Now, a San Francisco-based publisher of manga has decided the American public is ready for Shonen Jump, a monthly anthology series making its debut Tuesday.

"Most American kids have been introduced to these properties through anime or on television," said Rick Bauer of Viz Communications Inc. "It's our intent to carry the most popular stories and continue introducing the hottest properties in their original form."

Rick Malixi, a 24-year-old anime and manga fan, was thrilled to hear about an English version of Shonen Jump. In high school, he looked at manga for the pictures, but was always disappointed he couldn't read it.

"I love the art, the style," he said. "I think it has much more detail than American cartoons or comic books."

At Comic Relief in Berkeley, manager Todd Martinez sets aside the front section of his store for manga. He says its popularity grows as customers are drawn both to the high-quality artwork and the compelling storylines.

"In Japan, you've got millions of grown adults reading manga, every week. There's not the stigma that comics are for kids," he said. "They've got more people doing it, it's more of a respected medium, so you've got higher quality stuff out there."
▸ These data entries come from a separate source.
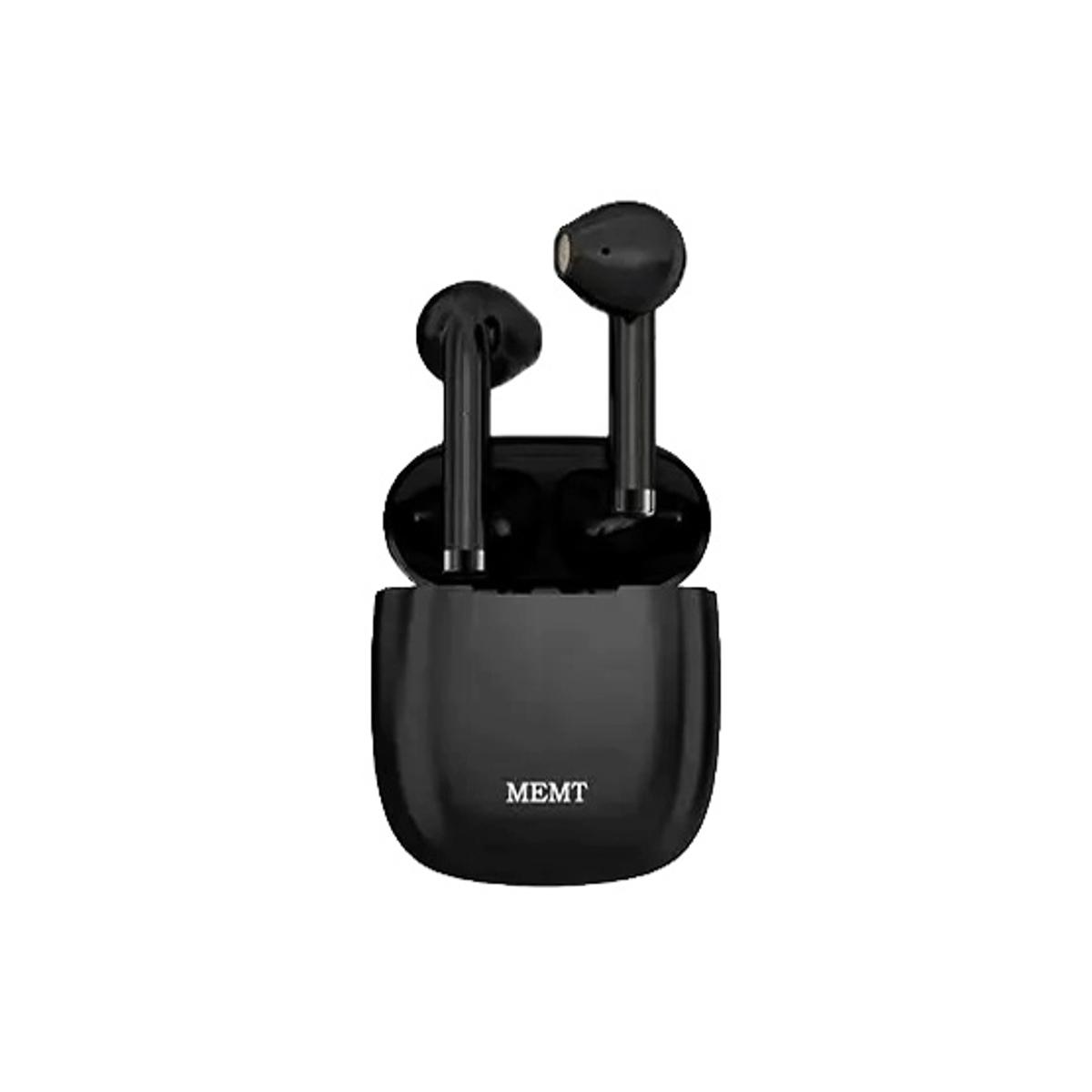 Picture of Memt W1 Wireless Earphones Bluetooth 5.0 Touch Control Noise Cancellation IPX5 Waterproof Earbuds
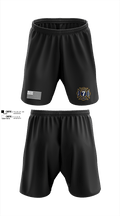BELVEDERE FIRE RESCUE 75819874 Athletic Shorts With Pockets - 80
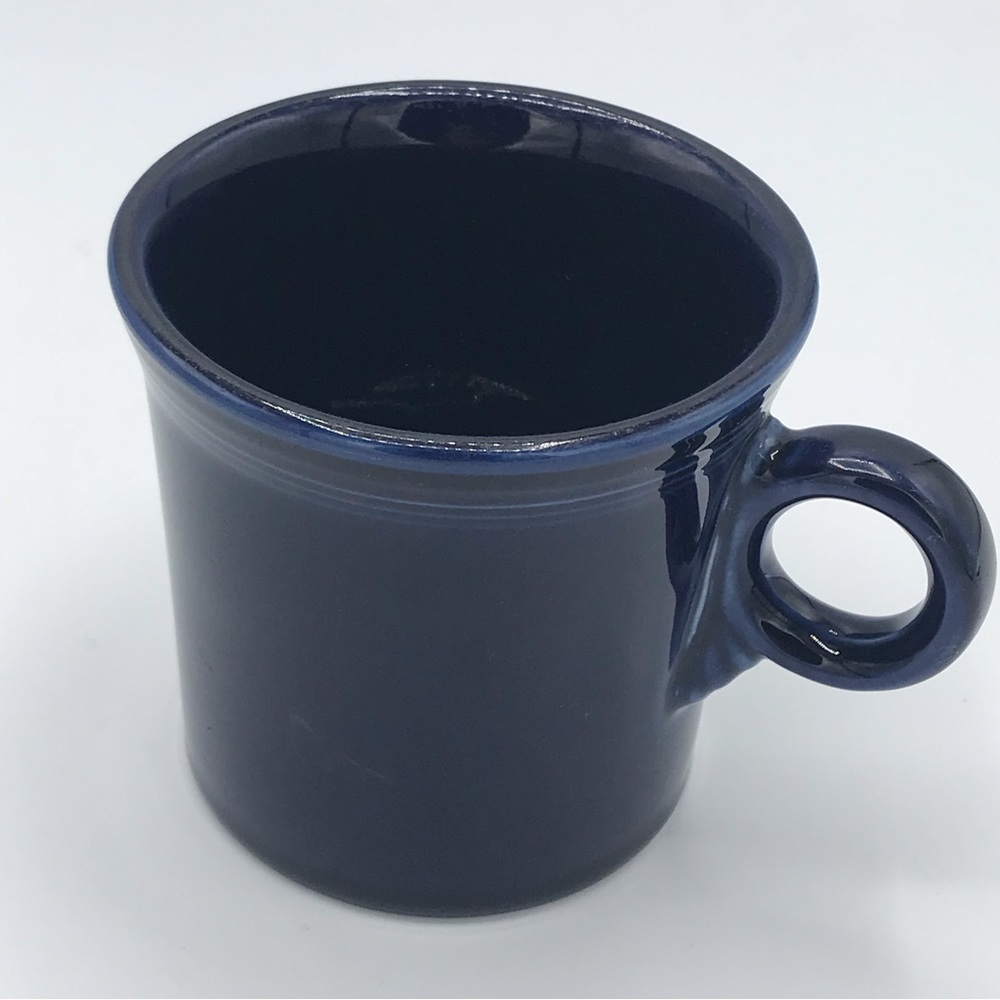 Fiestaware Tom and Jerry Mug Cobalt Blue Replacement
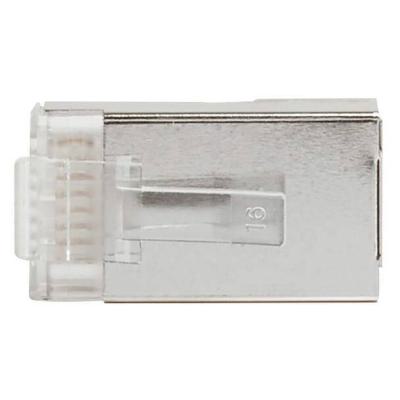  PLUG RJ45 CAT 6 FTP A SERTIR 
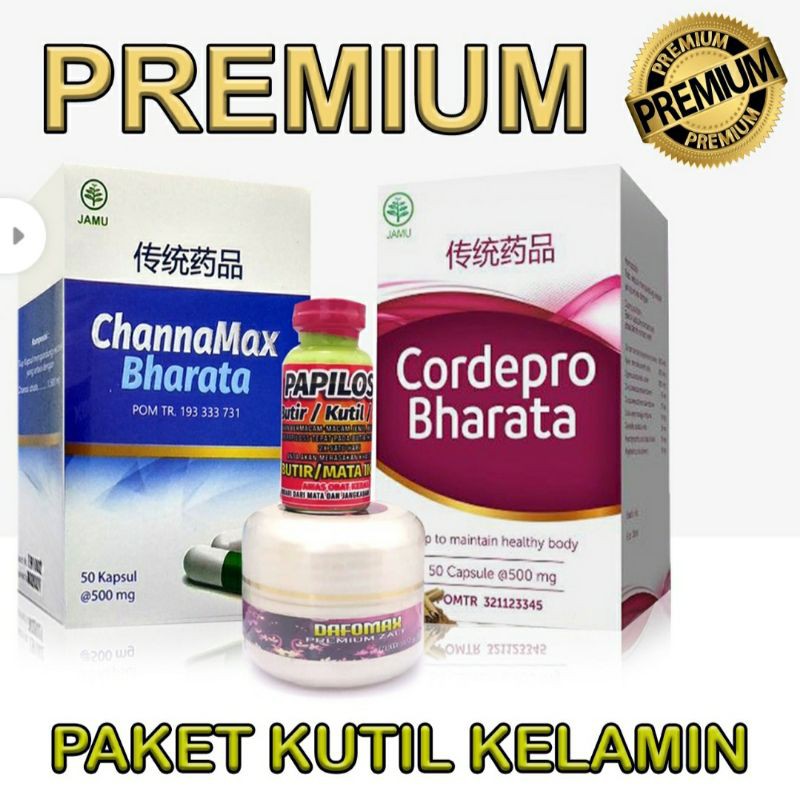 Obat Kutil Kelamin Premium Ampuh Menghilangkan Kutil Kelamin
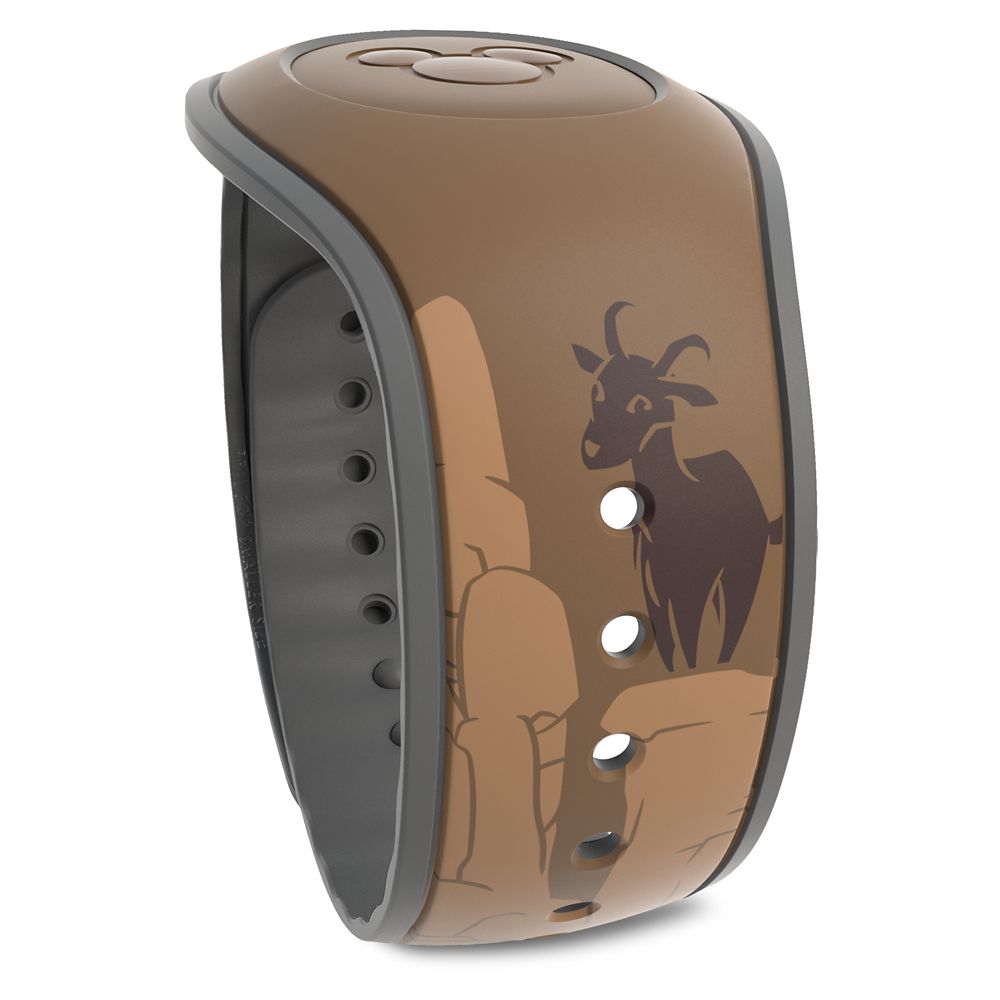 Big Thunder Mountain Railroad 40th Anniversary MagicBand 2 – Limited Release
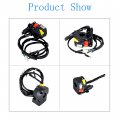 Labwork Start Kill Light Switch Replacement For Honda Fourtrax 300 Trx300 Trx300fw 1988-1995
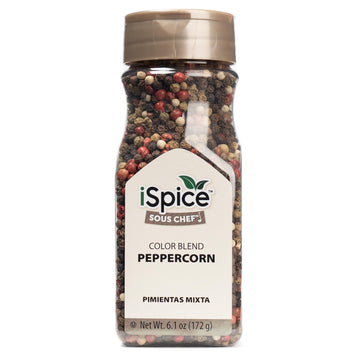 Ispice - Peppercorn Blend 6.1Oz (174G)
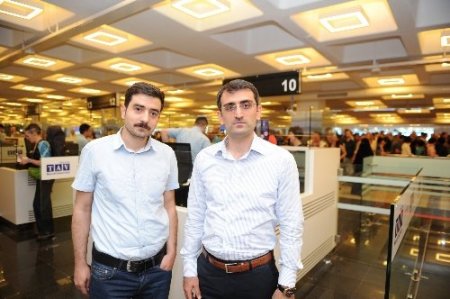 Pasaport geçişleri güvenli ve hızlı olacak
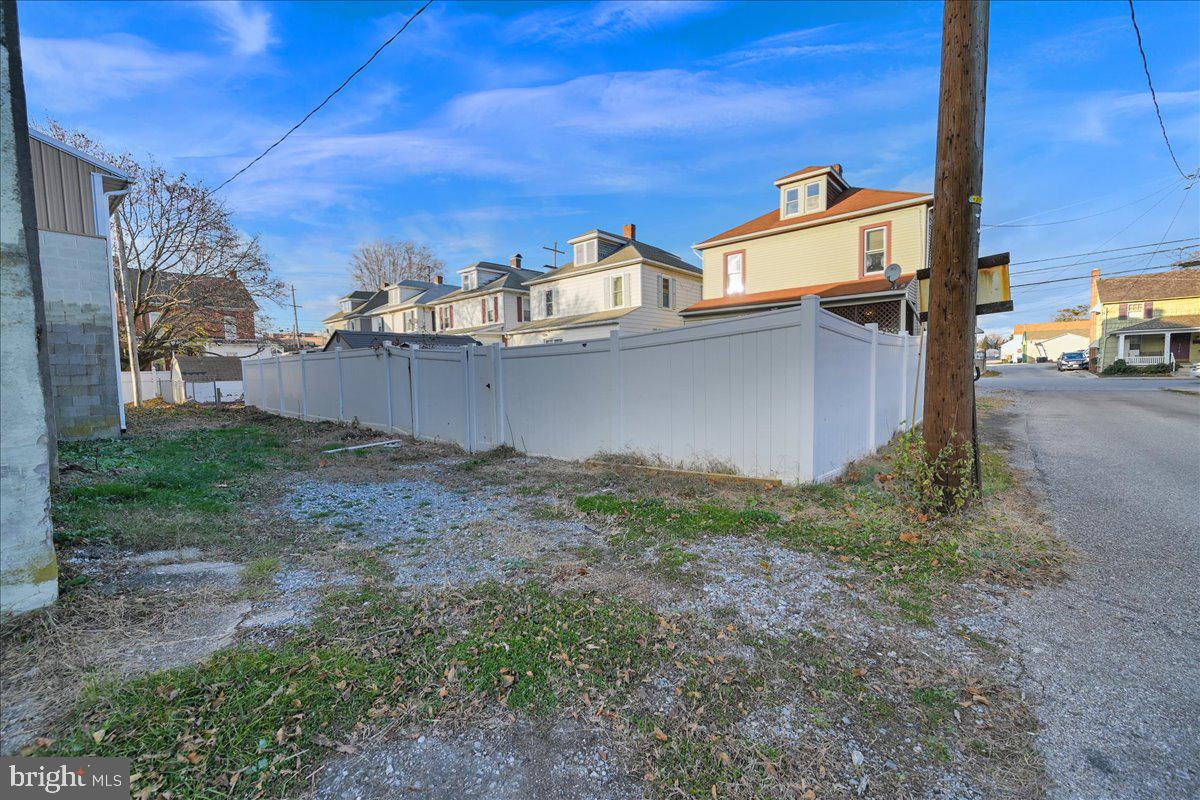 HANOVER HOSPITAL - Residential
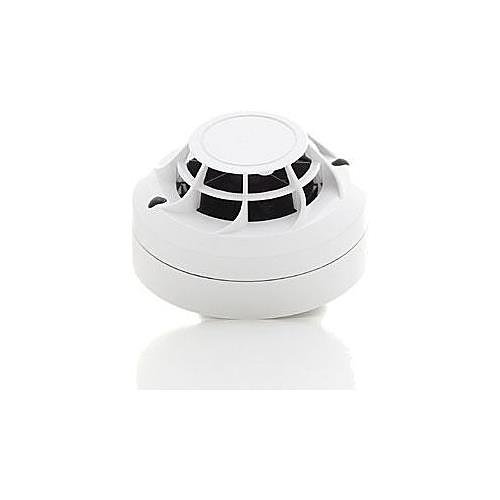 System Sensor 52051RE-46-IV Advanced 58°c Rate of Rise Heat Detector without Isolator, Ivory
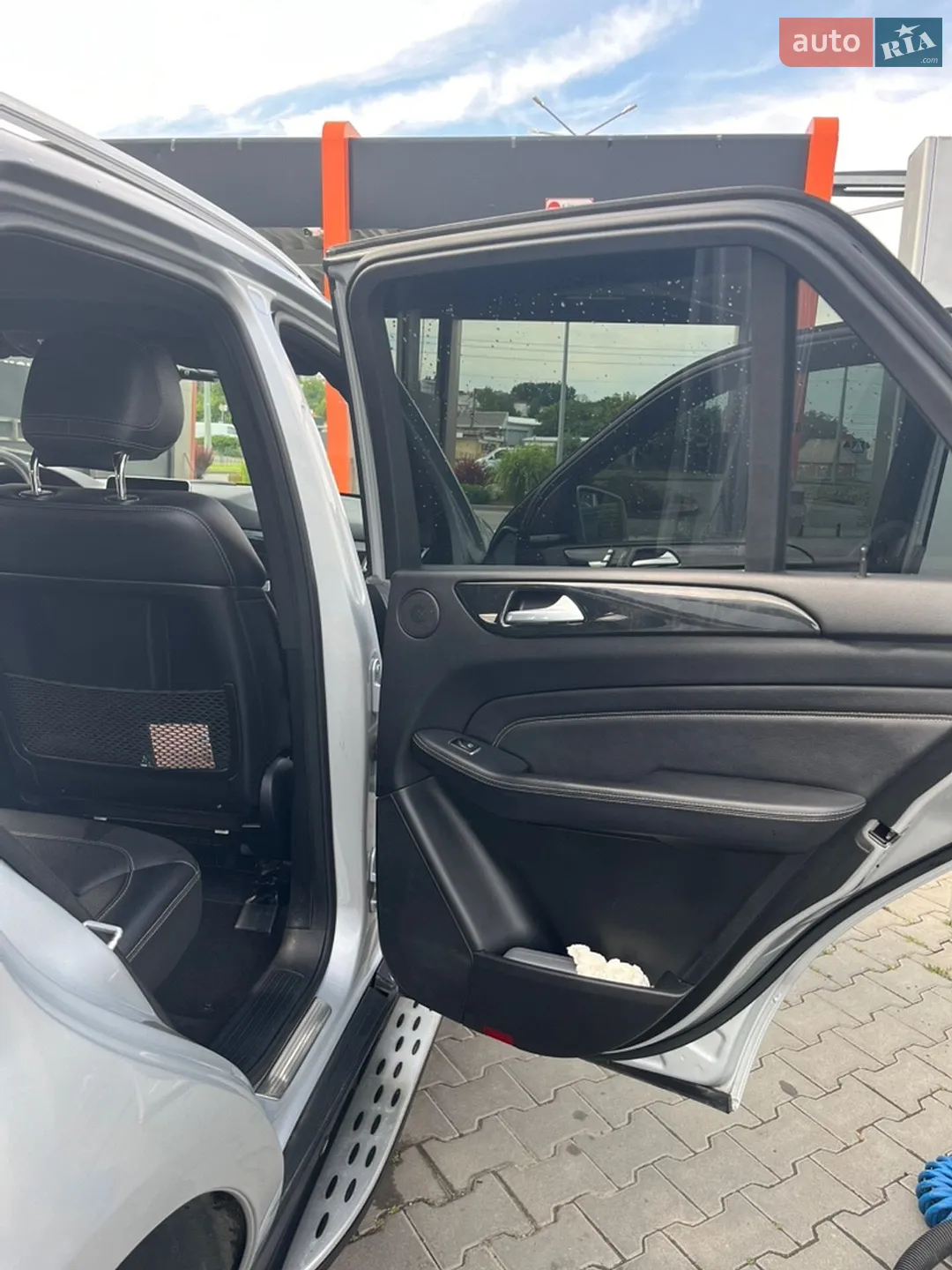 2014 Mercedes-Benz M-klasse - мініатюра 16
Shonen Jump's premiere issue at 288 pages is a mostly black and white, National Geographic-sized magazine that reads Japanese style -- from back to front and from right to left. Bauer acknowledges his company printed it that way "because it's cool" and because that's how the artwork originally was intended to be seen.

Viz Communications already had 10,000 Shonen Jump subscribers before the magazine's release, Bauer said. They're targeting 12- to 17-year-olds who "identify with the anime/manga lifestyle," he said. Those teens spend a lot of time watching television, surfing the Web and communicating via e-mail.

Manga offers complex stories and more realistic characters than stereotypical American comic books, says Seiji Horibuchi, president and CEO for Viz Communications.

"It's a superhero-driven industry," he said. "Those characters are 50 years old now. U.S. publishers didn't create or cultivate a younger audience. They have to invent characters for a younger group. I think they missed that."

And Horibuchi's filling the gap.

No independent group monitors comic book sales, but the ICv2 Retailers Guide to Manga estimates manga accounts for about 5 percent of the comic store portion of the U.S. comics market. When factoring in subscriptions and bookstore sales, manga is probably a $25 million to $30 million market, Bauer said.

Next year, Viz expects to publish Shonen Jump every other week, eventually putting an issue out weekly.

There's a backlog of manga in Japan with only a fraction that's been translated into English, so there's more than enough to keep Shonen Jump readers hooked, Bauer said.

"The vision is to bring all the world together through manga," he said.